With the unveiling of Google’s RDFa support and discussions from the UK’s Central Office of Information around using RDFa in their job sites, there has certainly been a lot of coverage of RDFa and Linked Data over the past few days.

Google’s announcement feels a bit limp, hidden as it is in the webmasters’ tools. To read their own description of “Rich Snippets,” you’d think they were little more than an additional piece in the armory of SEO’s and content editors, giving them the ability to flag reviews and products on their pages. The real excitement, as Tim O’Reilly mentioned, is that this is Google’s first active support for explicit information. A site can now state: “We give this widget 4 stars out of 5, it costs £100, and our CEO is Joe Bloggs.” That’s fantastic!

I wonder if we tend to miss the importance of explicit statements, because we default to googleing for something and hoping the first page or so of results will contain the answer. I can very swiftly find “reviews” for a Logitech Mouse, for example; but I still have to go through the reviews and find what they said. I might be lucky if Google shows me the result within the site description, but I’m much more likely to need to follow my own lead after Google serves me up a bunch of links to follow. This lets sites explicitely surface an (admittedly currently woefully limited) amount of their own data. It makes much more sense for finding what you’re actually after without needing to disambiguate yourself. It feels like a step in the right direction. It leaves me personally wishing Google would open it right out and support full vocabularies, but I’m glad for this initial offering.

Alongside Google, the Central Office of Information seems to be taking a much more webby approach to Linked Data, by supporting FoaF and other public vocabularies. Mark Birbeck explains:

To facilitate this we set up an open source project called argot-hub, with a wiki, issue-tracking system and associated discussion lists.

The first vocabularies — or argots — that I defined were for job vacancies, but in order to make the terminology usable in other situations, I broke out argots for replying to the vacancy, the specification of contact details, location information, and so on.

An argot doesn’t necessarily involve the creation of new terms, and in fact most of the argots use terms from Dublin Core, FOAF and vCard. So although new terms have been created if they are needed, the main idea behind an argot is to collect together terms from various vocabularies that suit a particular purpose.

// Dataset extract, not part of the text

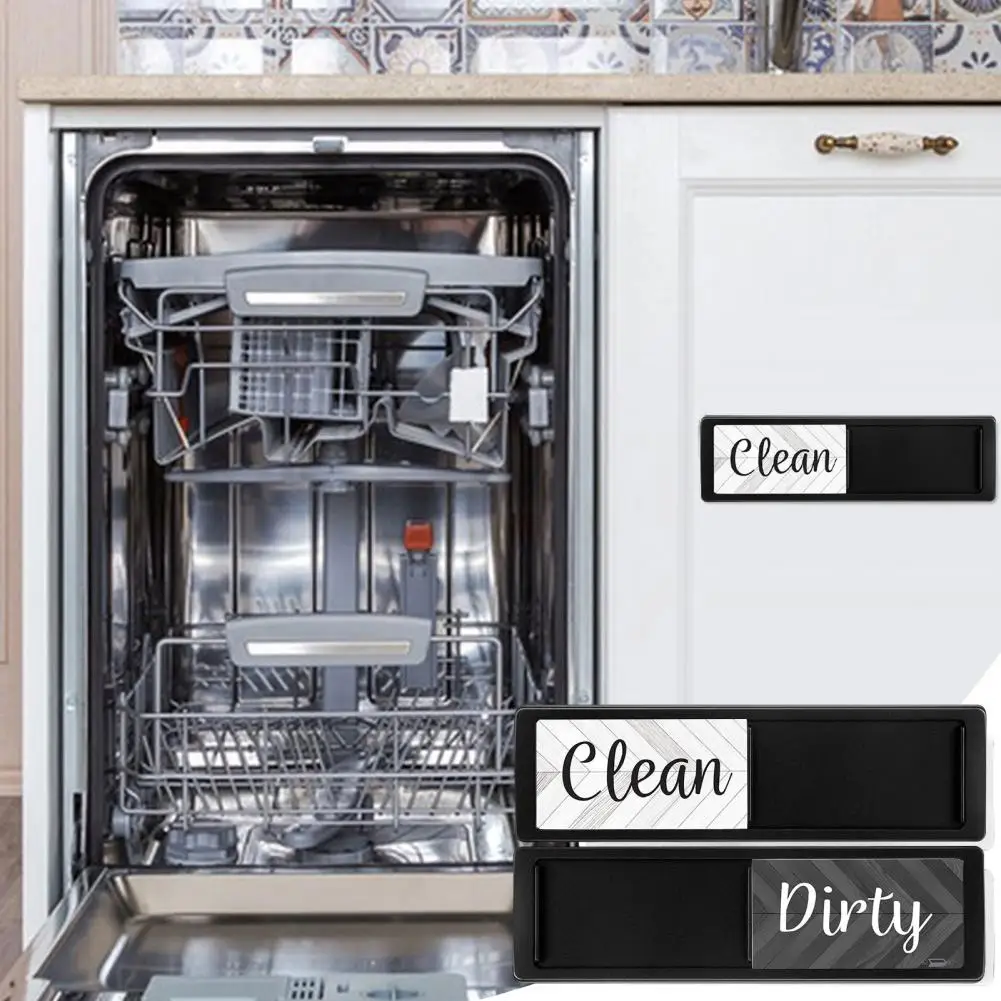 

Dishwasher Accessory Rustic Farmhouse Dishwasher Magnet Double-sided Clean Dirty Sign Strong for Kitchen for Dishwasher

The first pages to support the RDFa information will be vacancy notices, which can be seen at the Civil Service home page. The great thing about this is that it’s supporting application information retrieval. An application can query the site, pull out explicit information, and voila: You’re very own “what jobs are available in the Civil Service” app. Looking at all the info there, you could have a field day, sorting by salary, area of interest or whatever.

So, two very different use cases for the Semantic Web via RDFa. What’s next?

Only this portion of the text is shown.